I have mixed feelings towards the campaign. From a character perspective, it’s excellently done. The four main protagonists have personalities, an edge to them that sets them apart from most “Call of Duty” protagonists. You don’t play as a faceless name anymore, but as someone who you can want to succeed. However, the campaign is short-lived and doesn’t actually accomplish much in the way of overall storytelling. The optimist in me says that they left the ending at a place where I could see them building onto the campaign over the course of the game’s lifespan. However, the much more believable reality is that the campaign was likely just a selling point for the multiplayer mode, where players can feel a level of attachment to the operators they choose to play as. It’s a good use of six hours, but you’re not going to buy this game for the campaign.
There’s a good chance that if you’ve heard one thing about “Vanguard,” it’s the crisis surrounding the Zombies mode. Treyarch was put in charge of developing “Vanguard” zombies, and they made big promises. They proclaimed the birth of a new zombie storyline that delved deeper into the Dark Aether, a parallel dimension that was explored a bit in prior titles. Treyarch said they were revolutionizing the way we played Zombies. What players got instead, was an unfinished game mode that felt straight boring to play. In this rendition of Zombies, players take portals from a central hub in Stalingrad to various places to do various objectives. The catch is that there are only three different objectives and they take place on one of two multiplayer maps: Red Star in Stalingrad and Hotel Royal in Paris. However, I have a great deal of optimism towards the future of this Zombie mode. Treyarch was fresh off development for “Call of Duty: Black Ops Cold War” and quite simply didn’t have the time to put the same love and care into the Zombies mode that we had become accustomed to. Treyarch has earned faith in how they will develop the mode over the next year and I have full confidence that the Zombie mode will feel like its normal self in the next month or two.

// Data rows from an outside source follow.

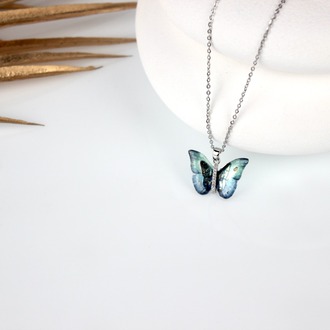 Blue Butterfly St. Necklace
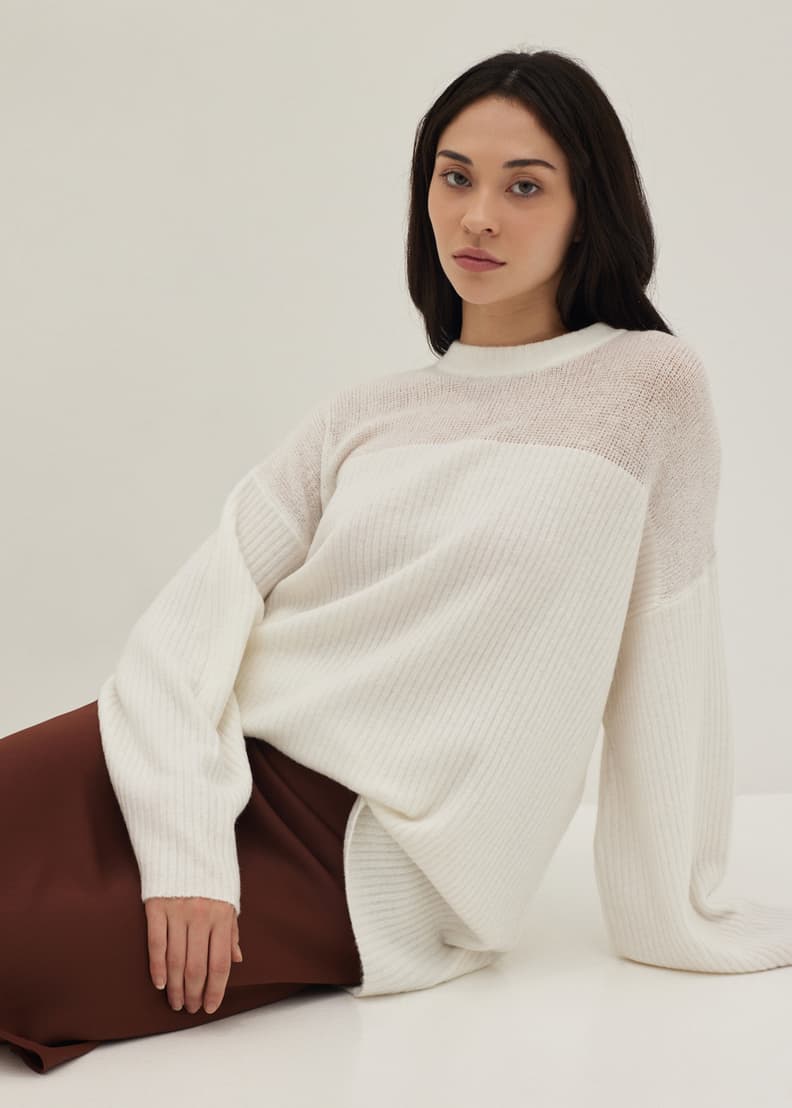 White wool sweater cheap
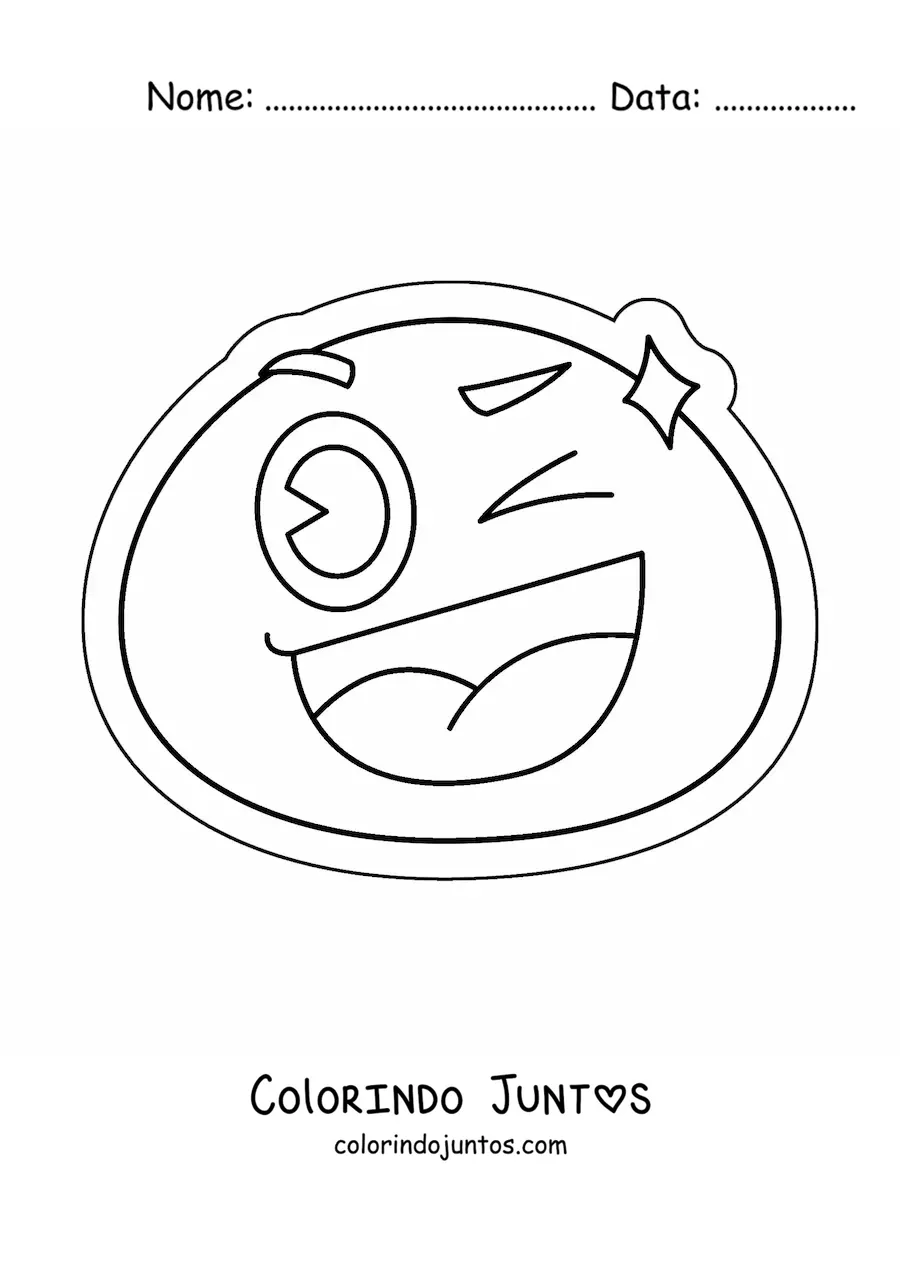 Desenho para colorir de emoji alegre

The multiplayer is really what holds this game together for the time being. It’s a fair bit buggy. The spawns on most maps are terrible. The combat shotgun is a one-shot kill to the body from 100 yards away (that is not an exaggeration). Everyone runs one of three weapons and some of the camos aren’t even unlockable due to the fault of the developers. But despite all of this, the multiplayer feels more fun than it has in years. The maps feel complex due to the emphasis on vertical development and they launched with the most multiplayer maps than any “Call of Duty” has in a long time. Only two of the launch maps were remakes, Castle and Dome from “World at War,” both incredibly well-done. The emphasis on destructible terrain is better executed than it was when they introduced the feature in “Modern Warfare.” The guns feel terrible to level but also feel incredible when you do unlock the attachments for them. Most importantly, they feel and sound good to shoot. They introduced combat pacing in such a way that you can have 6v6 on big maps or 20v20 on small maps, completely enhancing the “Call of Duty” experience beyond anything we have seen.
This game is far from perfect, which should be mentioned. But it has a stellar foundation to build on over the next year, and in recent titles, the developers have shown an exceptional ability to fix their games. “Call of Duty: Vanguard” has the potential to be remembered as one of the best titles in the franchise of all time. I haven’t had this much fun playing one of them since “Black Ops 3,” which launched in 2015. Get in on the fun early, and I can guarantee that you’ll enjoy it.